(ASSIGNMENT): In this exercise, print only the lines of the records below from the one with "Nintendo Switch Lite с 14 игри" through the one with "Marcos Zanutto/AGIF/ Jean Carlos em campo.", inclusive. Pictures are not part of the copy.

(SOURCE DATA):
···

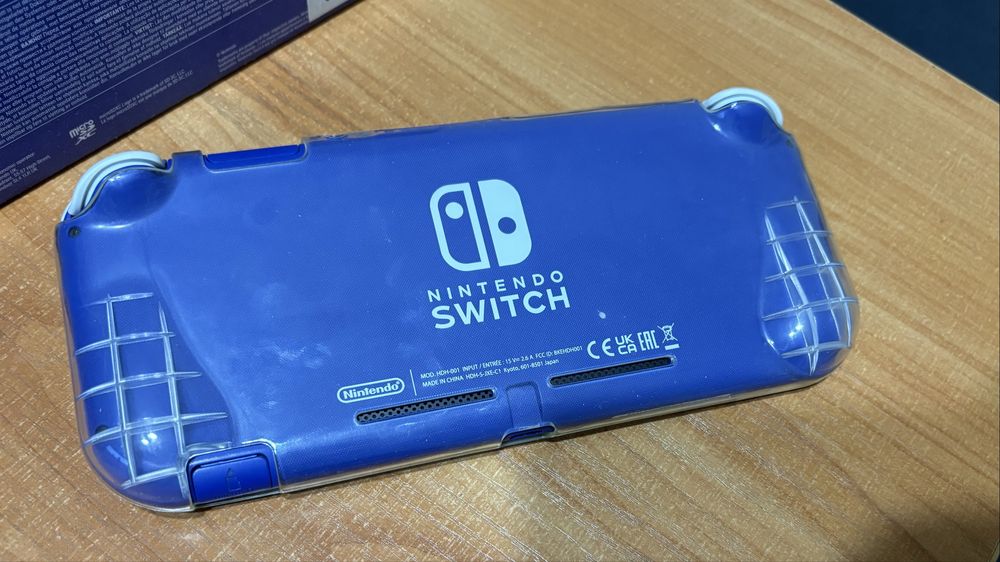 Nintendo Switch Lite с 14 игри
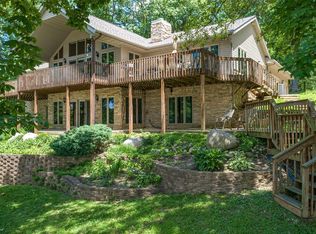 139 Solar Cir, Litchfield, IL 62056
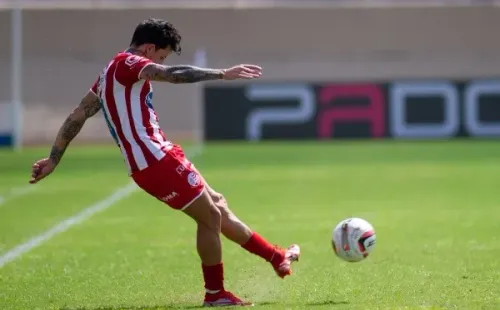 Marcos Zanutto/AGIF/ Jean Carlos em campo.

···

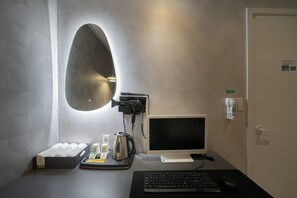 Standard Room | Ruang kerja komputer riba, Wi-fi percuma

···

(ANSWER TO THIS TASK):
 Nintendo Switch Lite с 14 игри
 139 Solar Cir, Litchfield, IL 62056
 Marcos Zanutto/AGIF/ Jean Carlos em campo.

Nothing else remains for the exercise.